University of Maryland Extension

Blackgum, Sourgum, or Tupelo

red fall color and berry-like fruits on Nyssa sylvatica Nyssa sylvatica tree

Nyssa sylvatica
Tree
Dogwood Family

Maryland Distribution: A canopy tree commonly found in forests of wet to average moisture.
Height: up to 90 feet
Blooms: largely dioecious, inconspicuous; April-May
Sun: full sun to shade
Soil: wet to average moisture, sandy or loamy, pH of 6.5 or less

Garden Use & Maintenance: This species is very popular as an ornamental because of the straight, single trunk, horizontal branches, glossy foliage, handsome alligator-hide bark, and red fall color.

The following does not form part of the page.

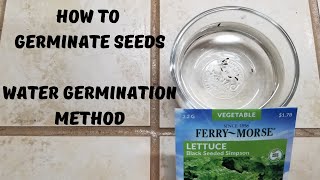 How To Germinate Seeds  Water Germination Method [upl. by Beitch775]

Use for specimen trees, street trees, reforestation, pollinator gardens, songbird/wildlife gardens, erosion control. Tolerates soil compaction but not pollution. Some black spot may occur on leaves, but this usually does little to affect the ornamental value. Prune in fall if desired.

Wildlife: Pollinated by natives bees and honeybees (as in tupelo honey). The fruits are consumed by songbirds, woodpeckers, wild turkeys, squirrels, foxes, and bears.

Susceptible to damage from deer and beaver.